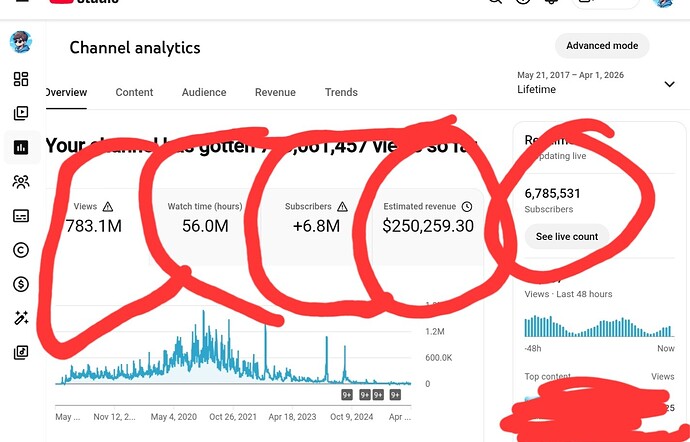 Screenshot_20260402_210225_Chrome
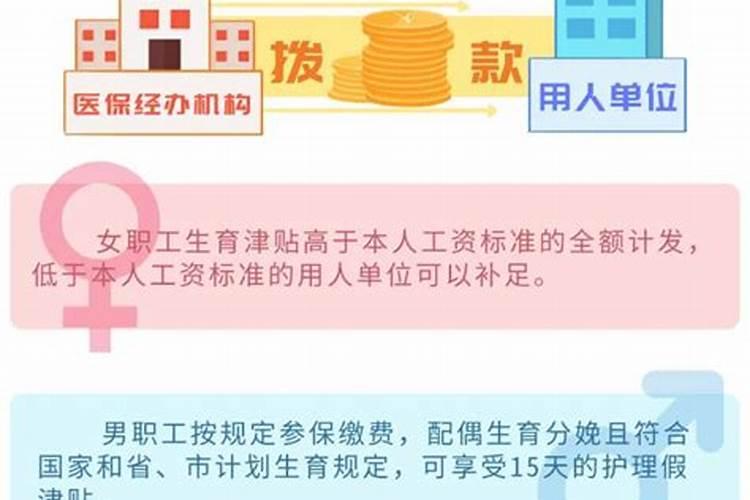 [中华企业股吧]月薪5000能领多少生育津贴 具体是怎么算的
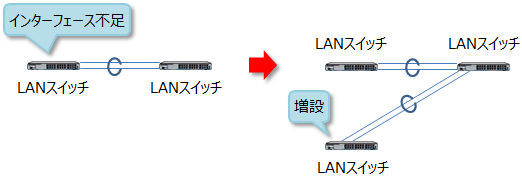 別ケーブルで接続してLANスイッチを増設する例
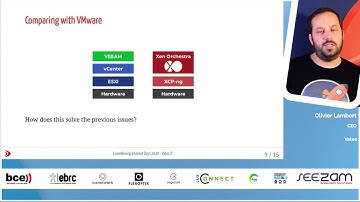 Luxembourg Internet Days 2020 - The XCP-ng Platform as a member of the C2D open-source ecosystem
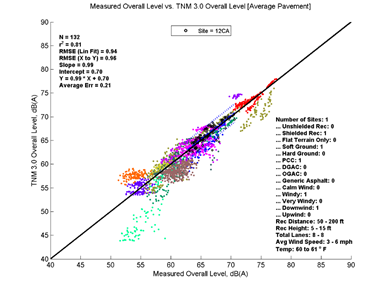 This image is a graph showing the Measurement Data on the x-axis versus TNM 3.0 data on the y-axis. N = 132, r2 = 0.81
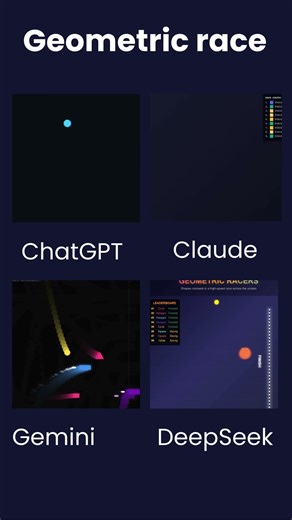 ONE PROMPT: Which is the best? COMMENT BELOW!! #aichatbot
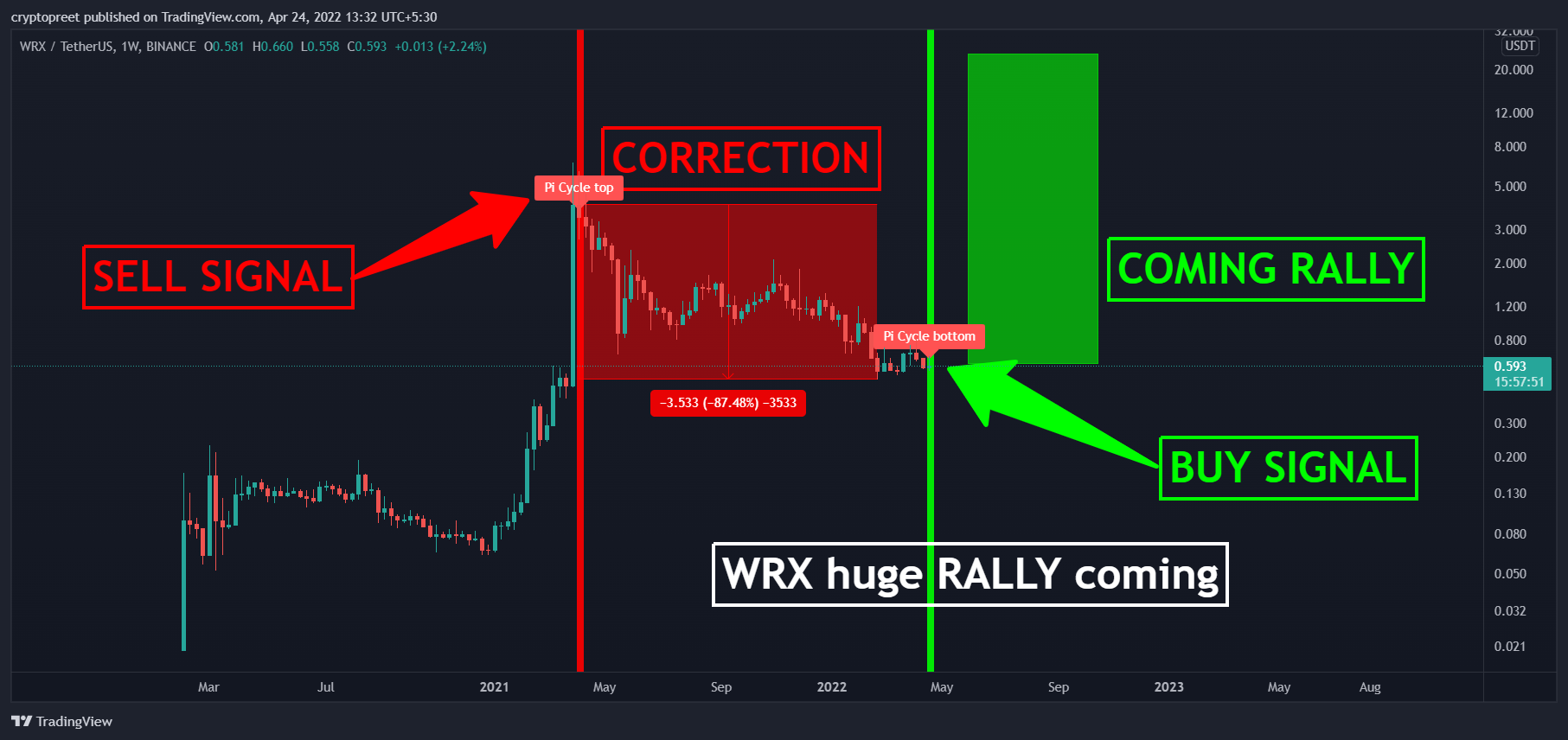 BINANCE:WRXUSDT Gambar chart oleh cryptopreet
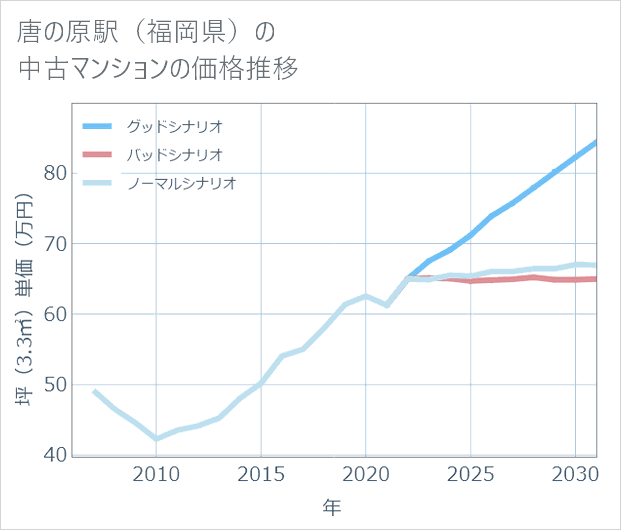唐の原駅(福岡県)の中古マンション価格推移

ACTIVITY.
Your response should consist solely of the lines from the line with "Luxembourg Internet Days" through the last line of the entries above, printed exactly and without pictures.

EXPECTED OUTPUT.
 Luxembourg Internet Days 2020 - The XCP-ng Platform as a member of the C2D open-source ecosystem
 This image is a graph showing the Measurement Data on the x-axis versus TNM 3.0 data on the y-axis. N = 132, r2 = 0.81
 ONE PROMPT: Which is the best? COMMENT BELOW!! #aichatbot
 BINANCE:WRXUSDT Gambar chart oleh cryptopreet
唐の原駅(福岡県)の中古マンション価格推移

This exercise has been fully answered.